[Captioned web image data]
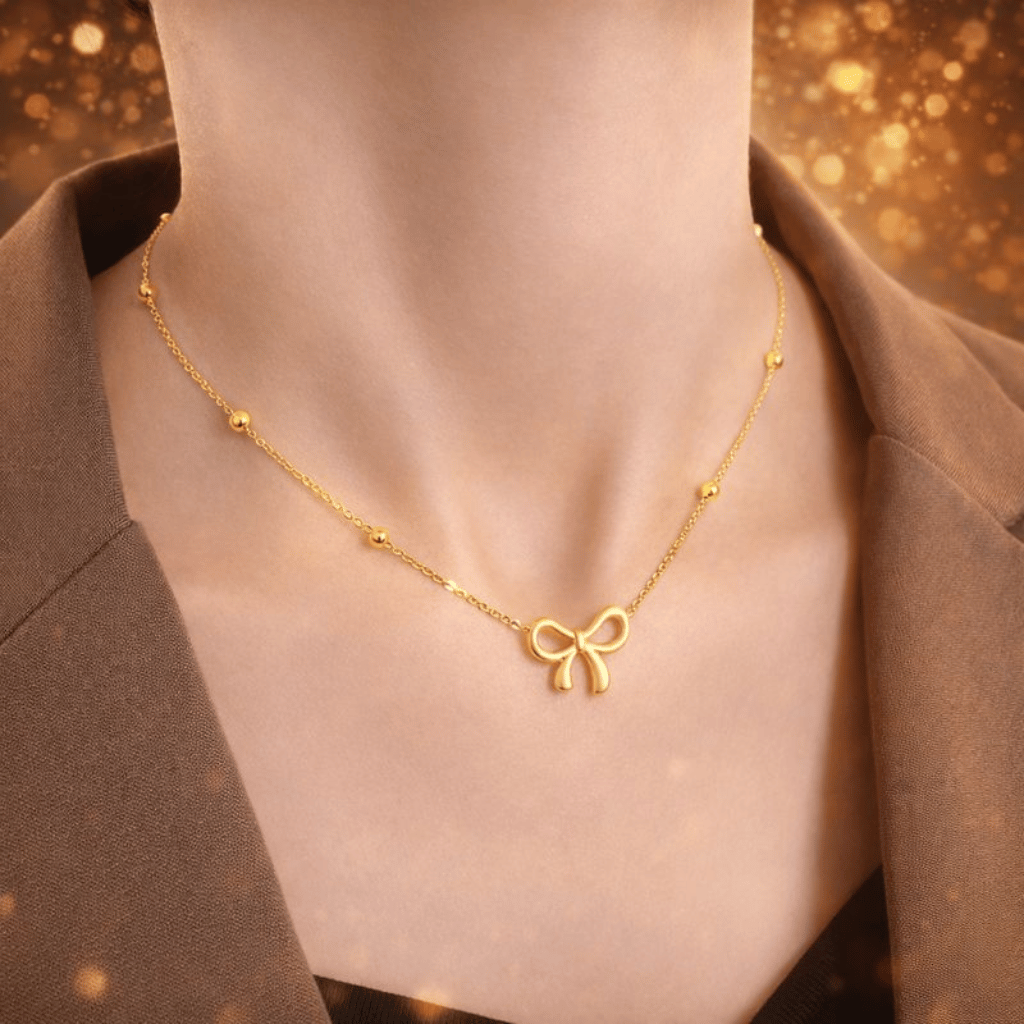 Knot Shape Ball Stainless Steel Necklace Elegant Jewellery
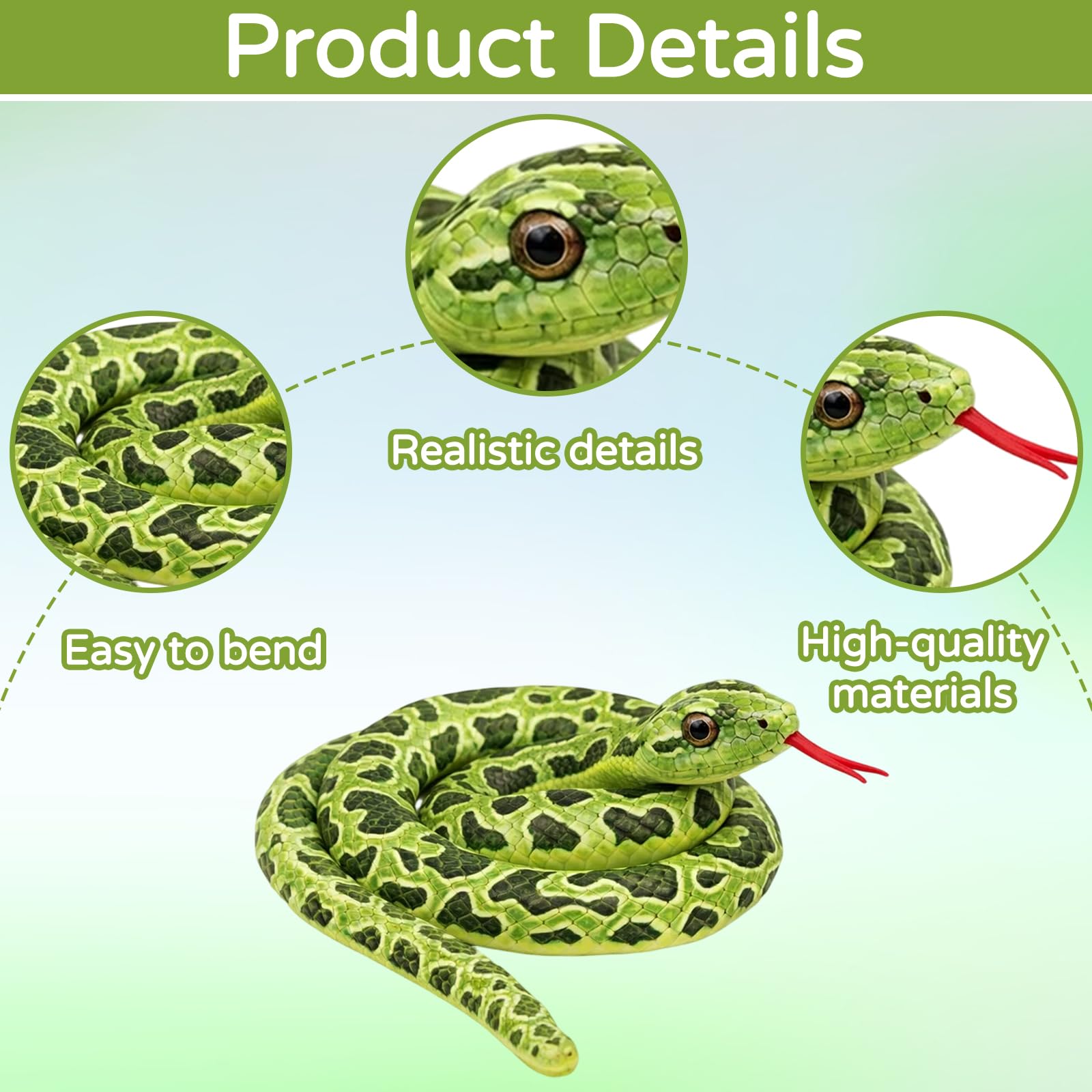 QyueQyat Snake Teddy, Toy Snake Plush - Image 3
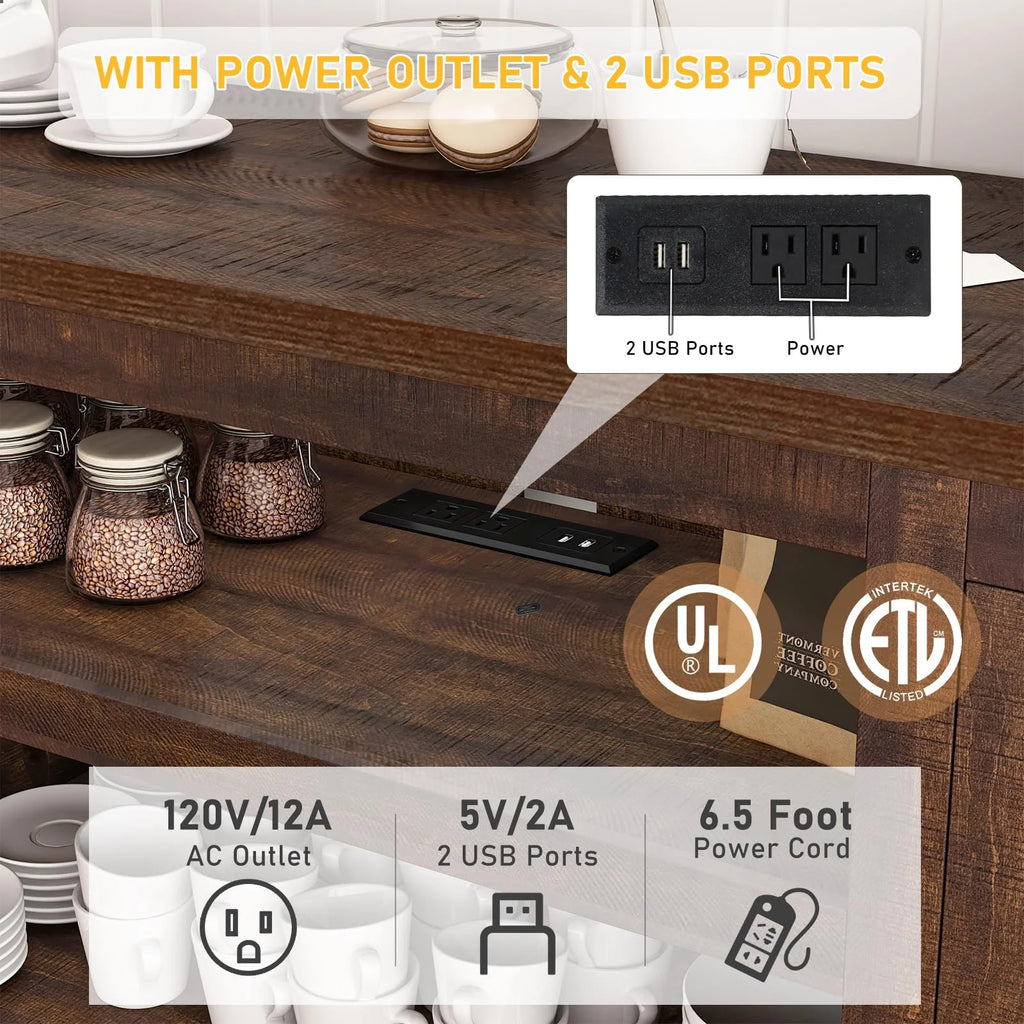 4 Layer Farmhouse Coffee Bar Cabinet With Power Outlet & LED Light, 57" Barn Door Buffet Cabinet Kitchen Storage With Adjustable Shelves(Brown)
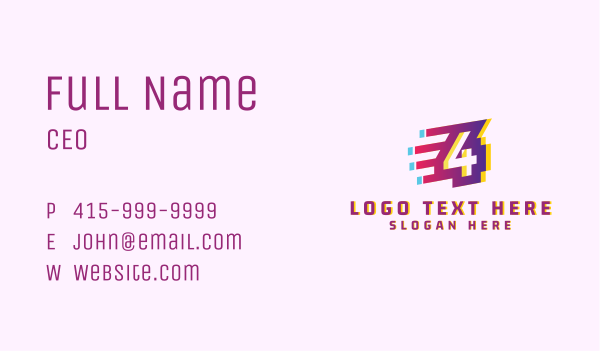 Speedy Number 4 Motion Business Card Design Image Preview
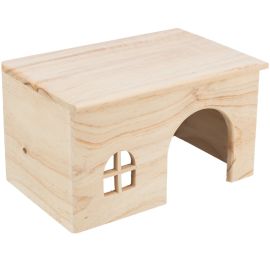 Casuta Lemn Acoperis Plat Pentru Rozatoare, 28x18x16cm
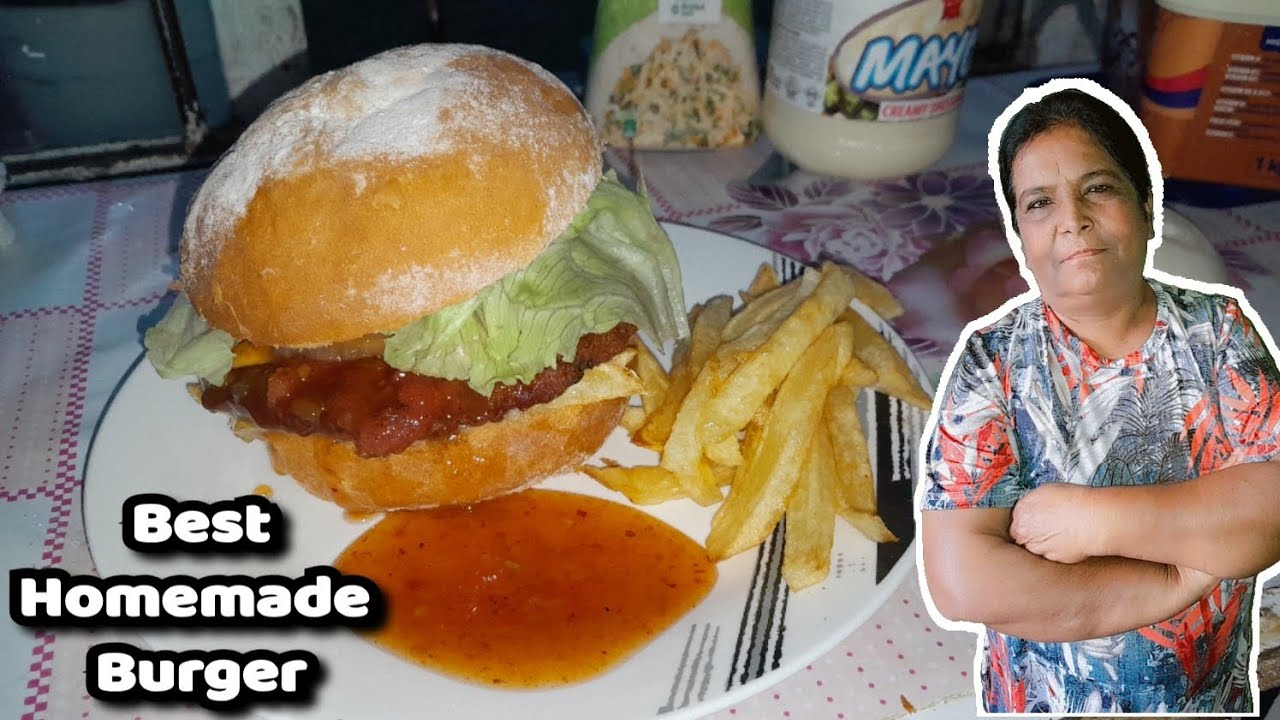How to make the perfect burger at home using mutton patty,bacon,chips,fried onions & green & sauce.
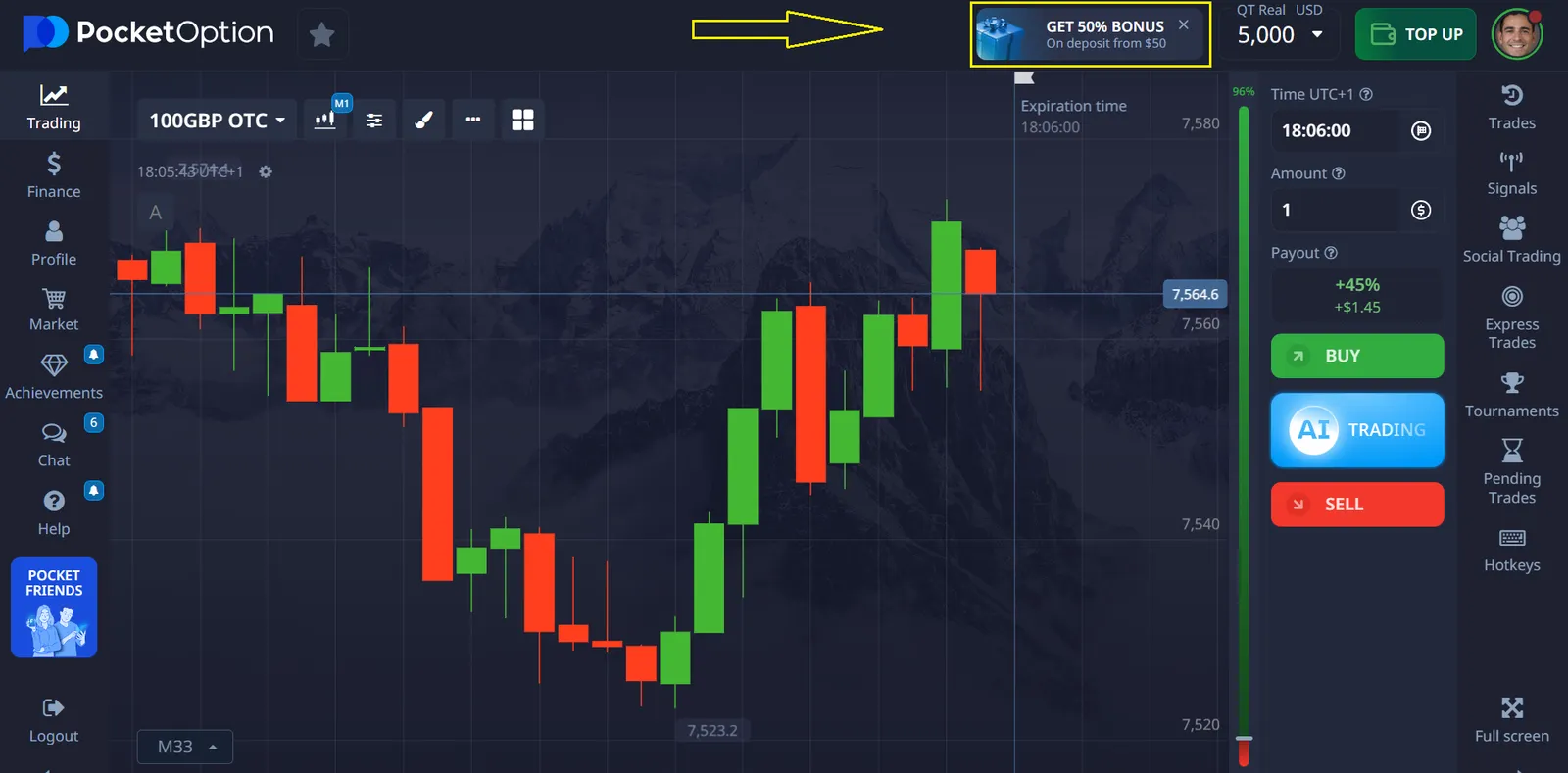 Pocket Option Bonus Disponibili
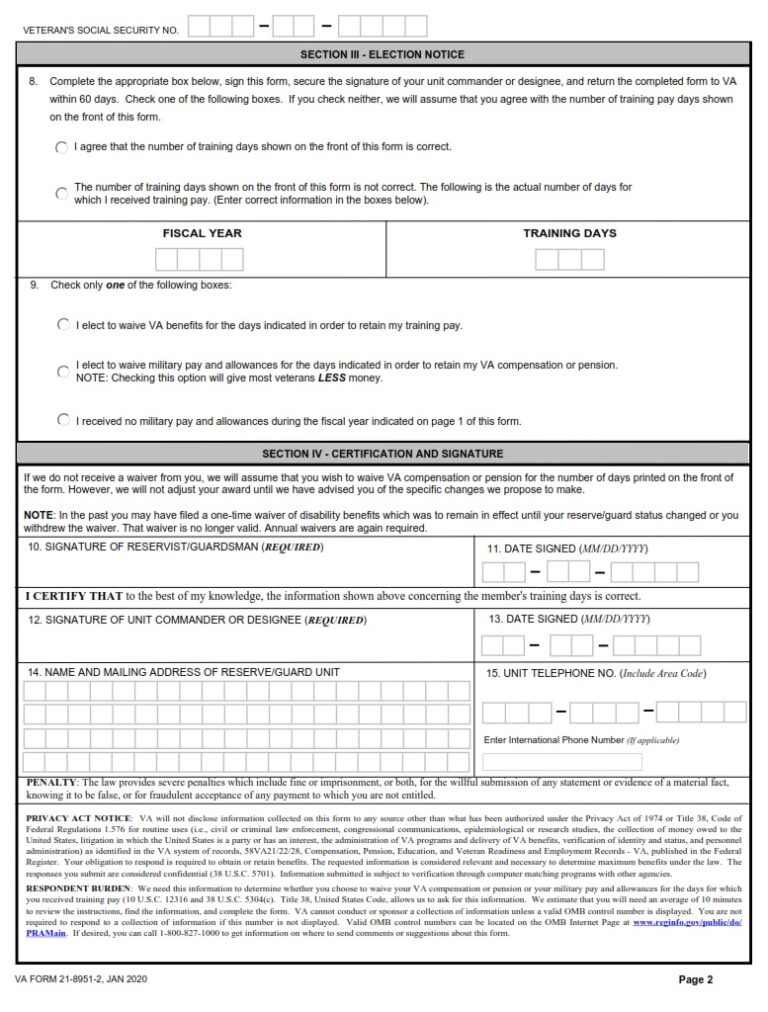 VA Form 2189512 Notice of Waiver of VA Compensation or Pension to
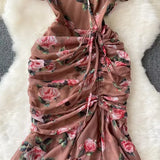 Retro Niche Design Drawstring Print V-Neck Dress Summer Women's Pocketed Fishtail Skirt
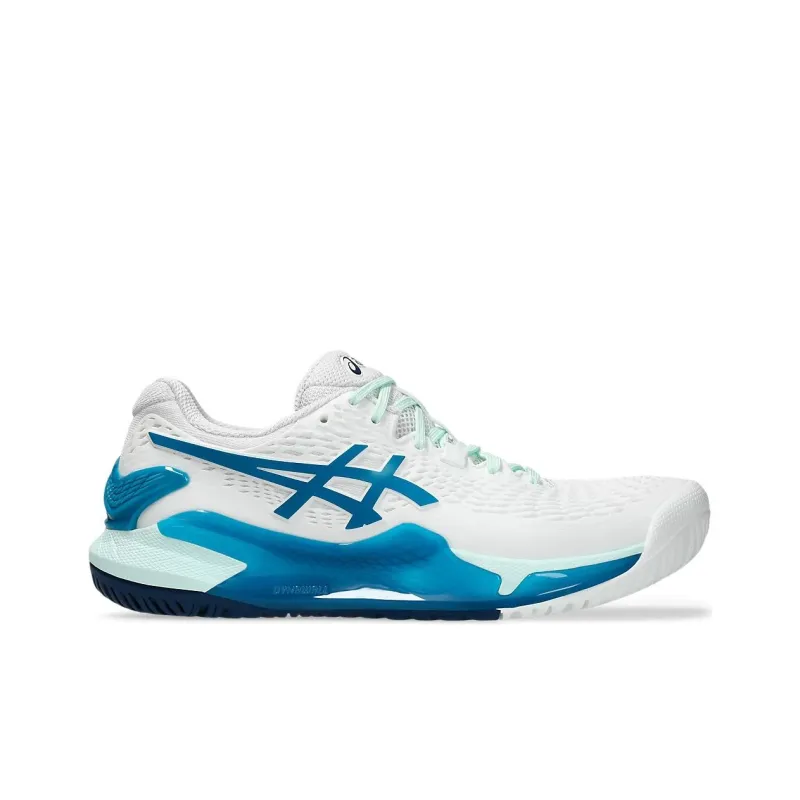 Asics Gel Resolution 9 White Teal Blue Women's-1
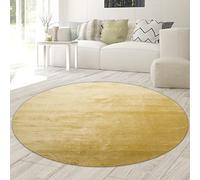 Teppich-Traum Tapis Shaggy Salon de Tapis Moquette Flokati en Or, 120 cm Rond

### Required work:
Only the lines from the one containing "VA Form 2189512" through the final line of the data should be given again, exactly and without pictures.

### Solution for this task:
 VA Form 2189512 Notice of Waiver of VA Compensation or Pension to
 Retro Niche Design Drawstring Print V-Neck Dress Summer Women's Pocketed Fishtail Skirt
 Asics Gel Resolution 9 White Teal Blue Women's-1
 Teppich-Traum Tapis Shaggy Salon de Tapis Moquette Flokati en Or, 120 cm Rond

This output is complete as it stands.